Le secteur touristique du Nord-du-Québec se lance dans une vaste réflexion sur sa main-d'œuvre. Tourisme Baie-James, le Conseil québécois des ressources humaines en tourisme (CQRHT), Eeyou Istchee Tourism et Tourisme Nunavik, collaborent afin d’établir un premier tableau complet des compétences disponibles, des besoins à combler et des lacunes à corriger sur l'ensemble du territoire nordique.
Un portrait statistique enfin adapté aux réalités du Nord
Jusqu'à maintenant, les chiffres concernant l'emploi touristique dans le Nord-du-Québec étaient fusionnés avec ceux de la Côte-Nord. Une situation qui empêchait de saisir finement les particularités des trois entités administratives du secteur, soit la Baie-James, Eeyou Istchee et le Nunavik.
Pour mener ce diagnostic, une approche combinée a été privilégiée, mêlant sondages, entretiens ciblés et groupes de discussion auprès des entreprises et organismes locaux. L'objectif est de faire ressortir les acquis et les aptitudes à renforcer pour soutenir la progression de l'industrie. Isabelle Milord, directrice générale de Tourisme Baie-James, résume bien l'esprit de la démarche :
« Ce qu'on veut, c'est obtenir une image fidèle des compétences réellement présentes dans notre industrie touristique. Le secteur bouge vite, les voyageurs ont des attentes qui se transforment, et les conditions dans le Nord n'ont rien à voir avec celles du reste de la province. »
La réussite de cette collecte repose sur l'engagement des trois associations touristiques régionales (ATR). Chacune d'elles fera appel à ses membres afin d'assurer une représentation solide des acteurs du milieu et produire des données solides, capables d'éclairer les choix en matière de formation et d'orientation stratégique. « Avant tout, c'est un outil de développement.

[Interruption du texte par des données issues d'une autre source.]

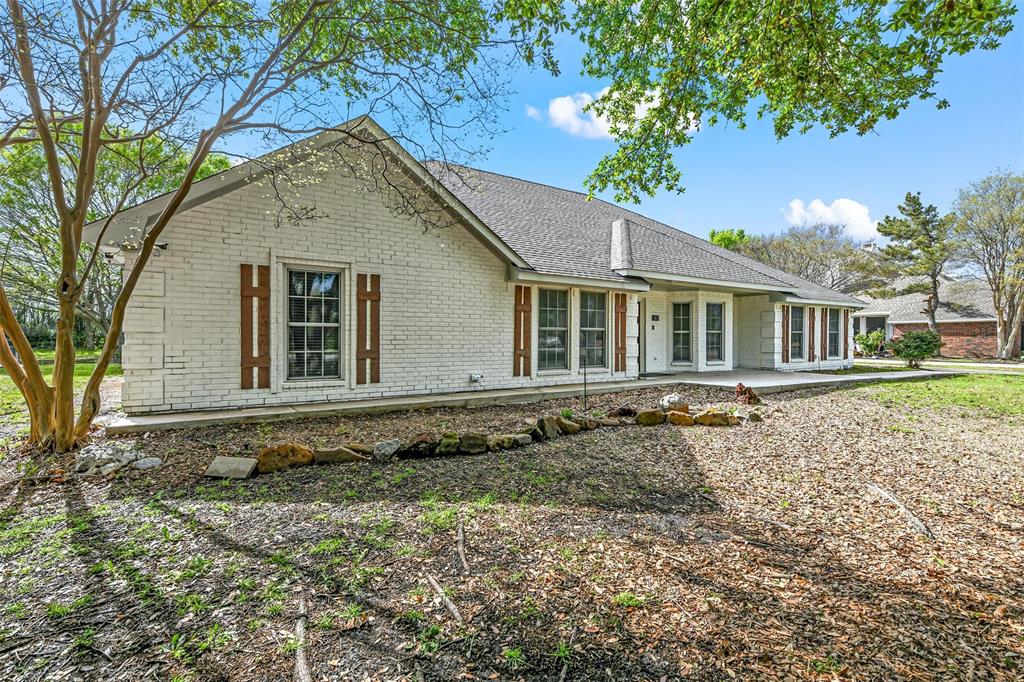 303 Riva Ridge Wylie, TX 75098 - Photo 5 of 38 a house with trees in the background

Les compétences doivent progresser au même rythme que l'industrie, et l'implication de chaque région nous garantit un reflet juste de nos situations respectives », ajoute Mme Milord.
Les défis particuliers de la Baie-James
Dans la région, le vivier de candidats est limité, ce qui complique à la fois l'attraction et la fidélisation du personnel. Mais cette rareté a aussi un effet inattendu, celui de pousser les travailleurs à développer des profils étonnamment polyvalents.

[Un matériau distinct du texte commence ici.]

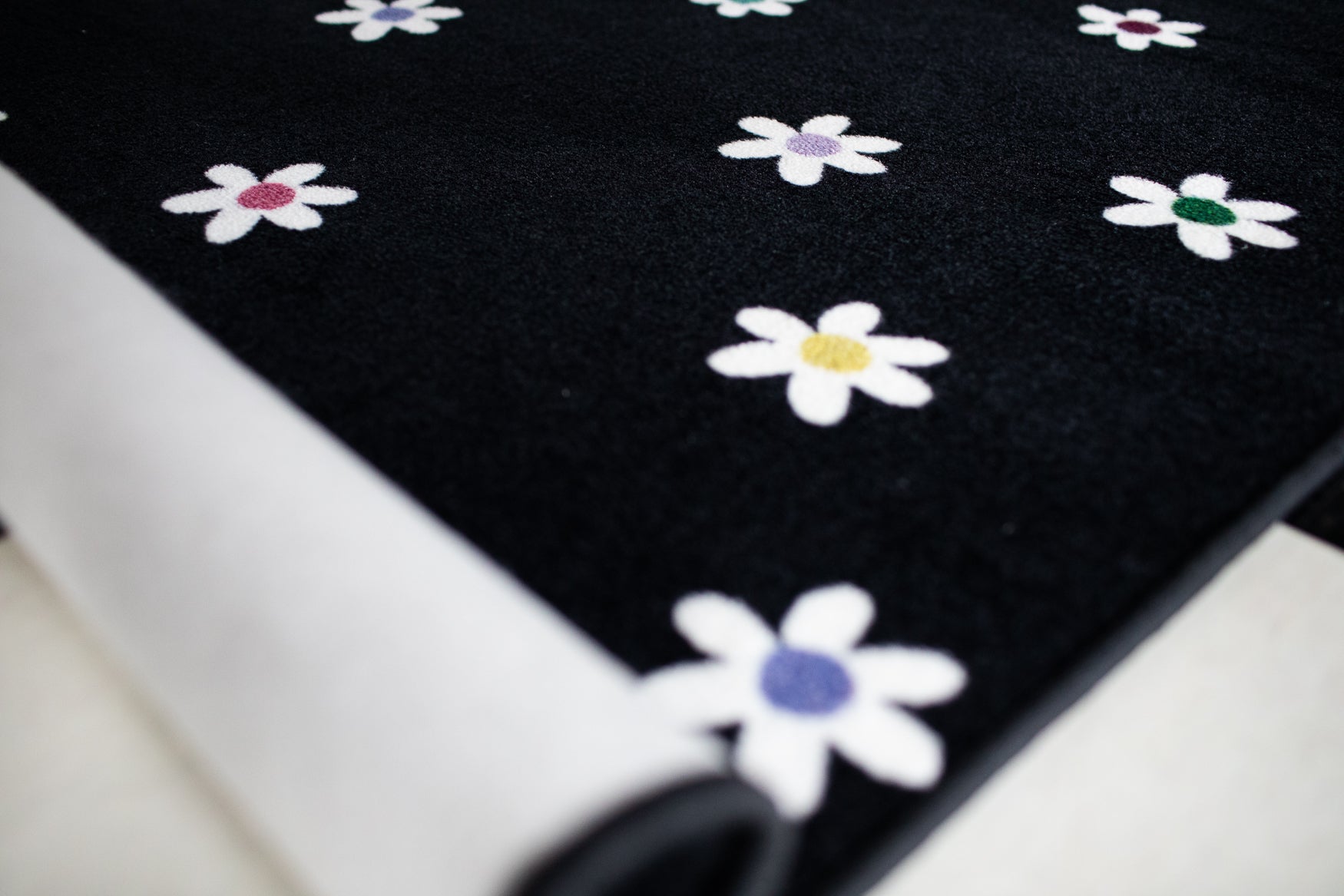 Small Daisies on Black Rug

« Ici, dans le Nord, le manque de main-d'œuvre nous amène à cultiver des savoir-faire remarquables. Les gens sont débrouillards et habitués à composer avec l'immensité du territoire. C'est une vraie richesse pour nos communautés. »

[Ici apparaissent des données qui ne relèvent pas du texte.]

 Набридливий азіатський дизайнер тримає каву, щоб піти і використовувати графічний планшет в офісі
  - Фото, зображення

Prochaines étapes et échéancier
Les résultats de ce diagnostic serviront notamment à ajuster les offres de formation, à affiner les stratégies d'attractivité et à guider la répartition des investissements régionaux. Tourisme Baie-James entend également poursuivre sa collaboration avec Attraction Baie-James et maintenir le déploiement d'initiatives en gestion des ressources humaines, comme le projet VäHumania.
Concrètement, le processus est déjà enclenché et l'envoi du questionnaire aux membres des différentes ATR est prévu pour début septembre 2026, suivi de relances régulières pour maximiser la participation. Une fois les données analysées, un rapport régional complet sera produit, assorti de recommandations par secteur, de statistiques localisées et d'indicateurs de gestion destinés à faciliter la prise de décision des entreprises.